[What is being asked]
Reproduce every line of the data, exactly and without its pictures.
Data shown below:
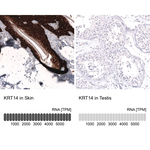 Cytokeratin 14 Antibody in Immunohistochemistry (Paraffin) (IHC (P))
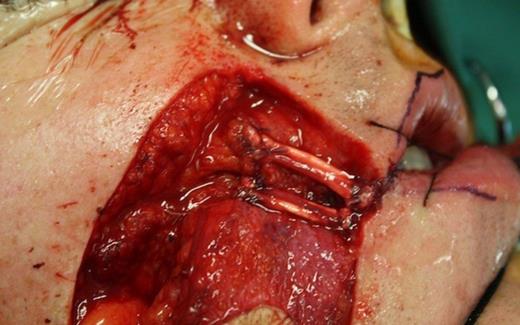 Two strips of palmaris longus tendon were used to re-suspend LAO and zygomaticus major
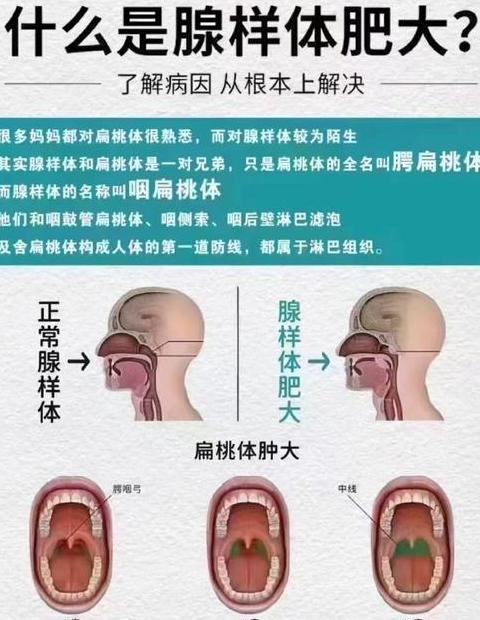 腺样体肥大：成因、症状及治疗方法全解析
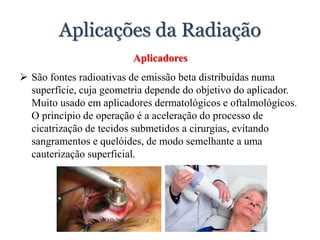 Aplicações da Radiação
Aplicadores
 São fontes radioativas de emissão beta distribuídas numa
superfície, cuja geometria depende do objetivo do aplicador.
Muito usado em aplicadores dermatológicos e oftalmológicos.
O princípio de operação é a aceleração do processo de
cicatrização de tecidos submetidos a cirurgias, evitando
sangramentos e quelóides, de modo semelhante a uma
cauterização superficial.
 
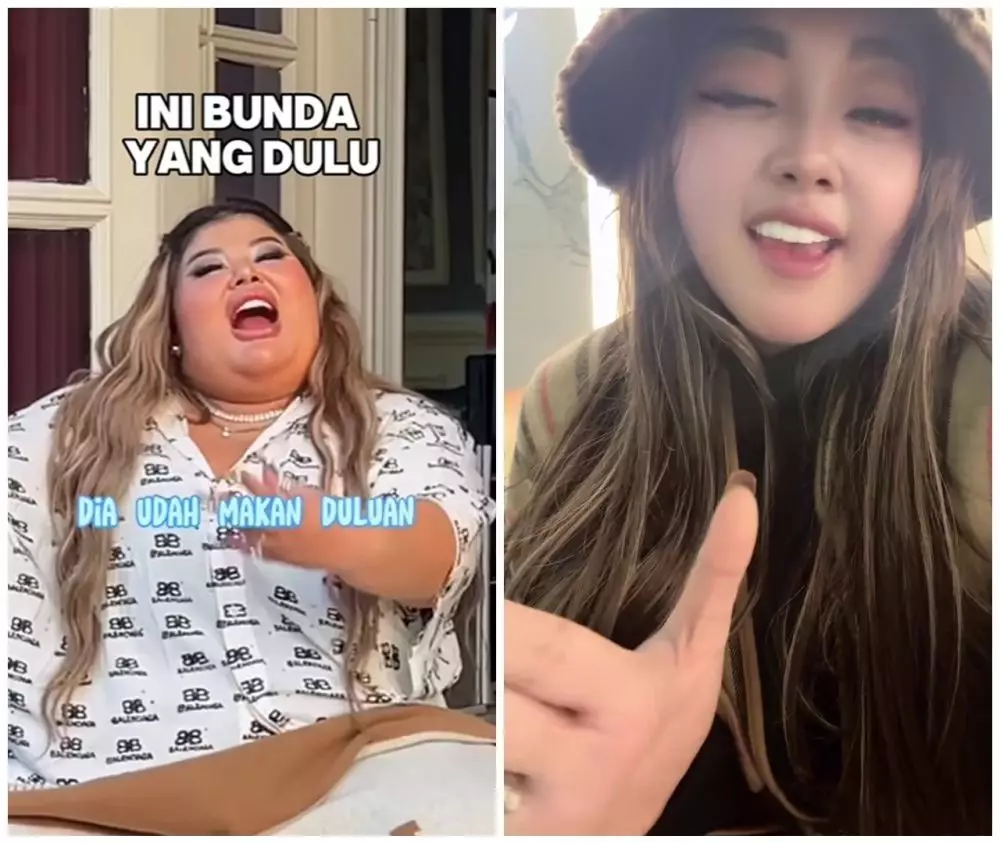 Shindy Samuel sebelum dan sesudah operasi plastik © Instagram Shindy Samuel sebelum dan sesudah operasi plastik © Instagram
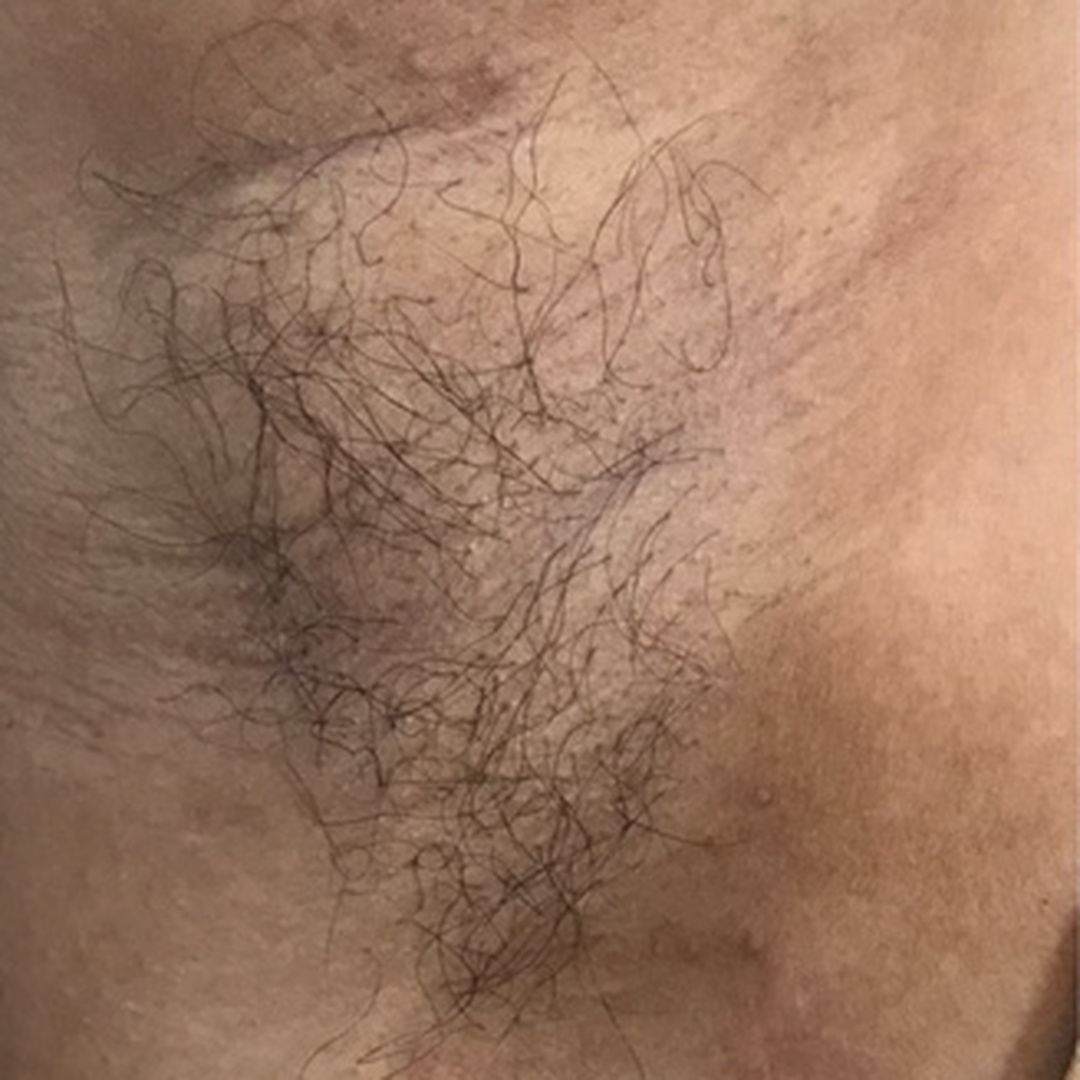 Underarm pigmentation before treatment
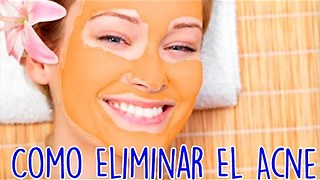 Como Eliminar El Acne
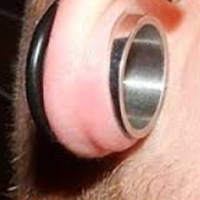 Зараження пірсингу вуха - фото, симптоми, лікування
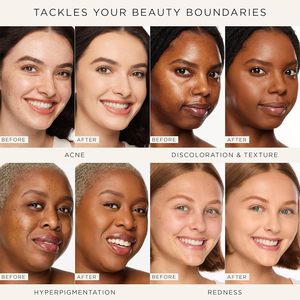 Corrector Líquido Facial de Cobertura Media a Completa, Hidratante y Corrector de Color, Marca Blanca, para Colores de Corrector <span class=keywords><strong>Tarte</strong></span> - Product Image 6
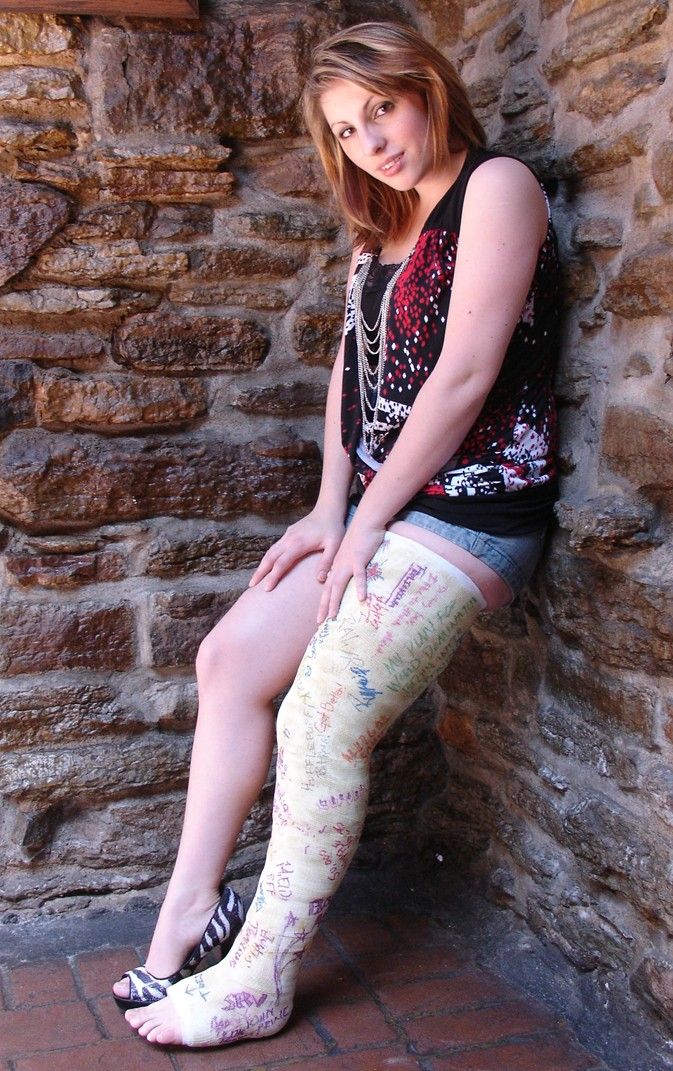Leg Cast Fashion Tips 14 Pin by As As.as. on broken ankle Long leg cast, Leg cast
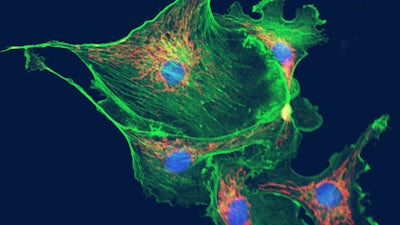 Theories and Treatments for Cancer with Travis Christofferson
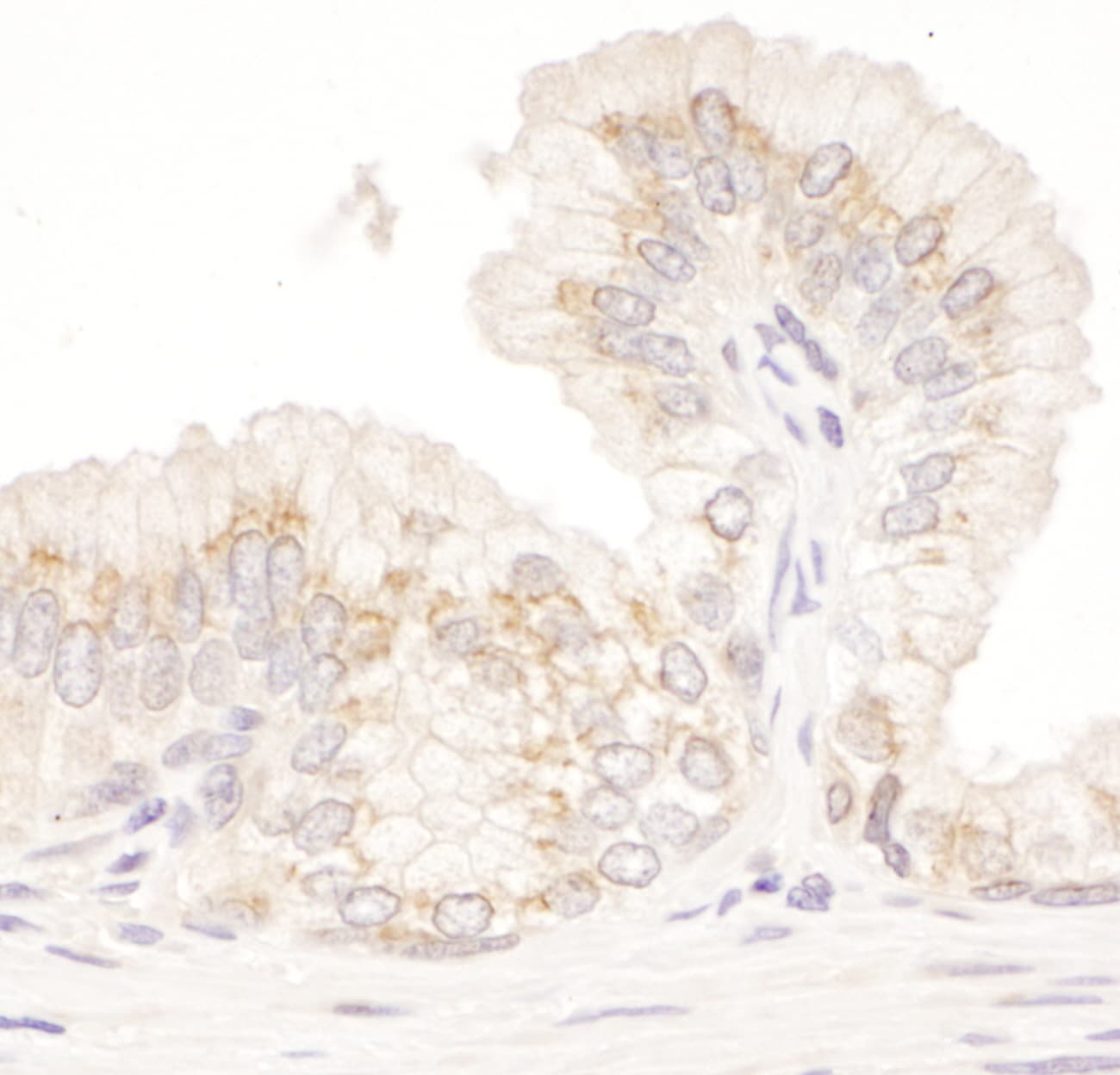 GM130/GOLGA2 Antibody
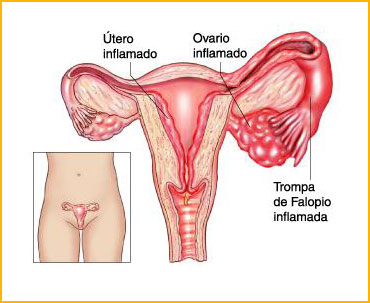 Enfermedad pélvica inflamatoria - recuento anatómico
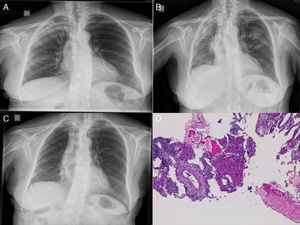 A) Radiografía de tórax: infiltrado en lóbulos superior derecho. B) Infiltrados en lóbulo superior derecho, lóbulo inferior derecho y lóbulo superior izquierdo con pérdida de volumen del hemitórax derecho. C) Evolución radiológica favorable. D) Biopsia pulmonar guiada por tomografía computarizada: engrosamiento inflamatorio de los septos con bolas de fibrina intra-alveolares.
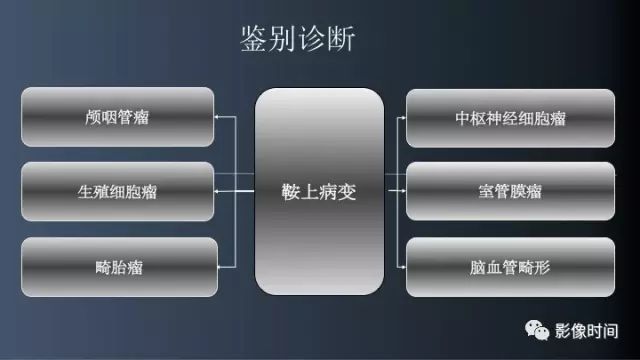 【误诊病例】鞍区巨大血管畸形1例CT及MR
End of Data shown.
[Problem solution]
 Cytokeratin 14 Antibody in Immunohistochemistry (Paraffin) (IHC (P))
 Two strips of palmaris longus tendon were used to re-suspend LAO and zygomaticus major
 腺样体肥大：成因、症状及治疗方法全解析
 Aplicações da Radiação
Aplicadores
 São fontes radioativas de emissão beta distribuídas numa
superfície, cuja geometria depende do objetivo do aplicador.
Muito usado em aplicadores dermatológicos e oftalmológicos.
O princípio de operação é a aceleração do processo de
cicatrização de tecidos submetidos a cirurgias, evitando
sangramentos e quelóides, de modo semelhante a uma
cauterização superficial.
 
 Shindy Samuel sebelum dan sesudah operasi plastik © Instagram Shindy Samuel sebelum dan sesudah operasi plastik © Instagram
 Underarm pigmentation before treatment
 Como Eliminar El Acne
 Зараження пірсингу вуха - фото, симптоми, лікування
 Corrector Líquido Facial de Cobertura Media a Completa, Hidratante y Corrector de Color, Marca Blanca, para Colores de Corrector <span class=keywords><strong>Tarte</strong></span> - Product Image 6
Leg Cast Fashion Tips 14 Pin by As As.as. on broken ankle Long leg cast, Leg cast
 Theories and Treatments for Cancer with Travis Christofferson
 GM130/GOLGA2 Antibody
 Enfermedad pélvica inflamatoria - recuento anatómico
 A) Radiografía de tórax: infiltrado en lóbulos superior derecho. B) Infiltrados en lóbulo superior derecho, lóbulo inferior derecho y lóbulo superior izquierdo con pérdida de volumen del hemitórax derecho. C) Evolución radiológica favorable. D) Biopsia pulmonar guiada por tomografía computarizada: engrosamiento inflamatorio de los septos con bolas de fibrina intra-alveolares.
 【误诊病例】鞍区巨大血管畸形1例CT及MR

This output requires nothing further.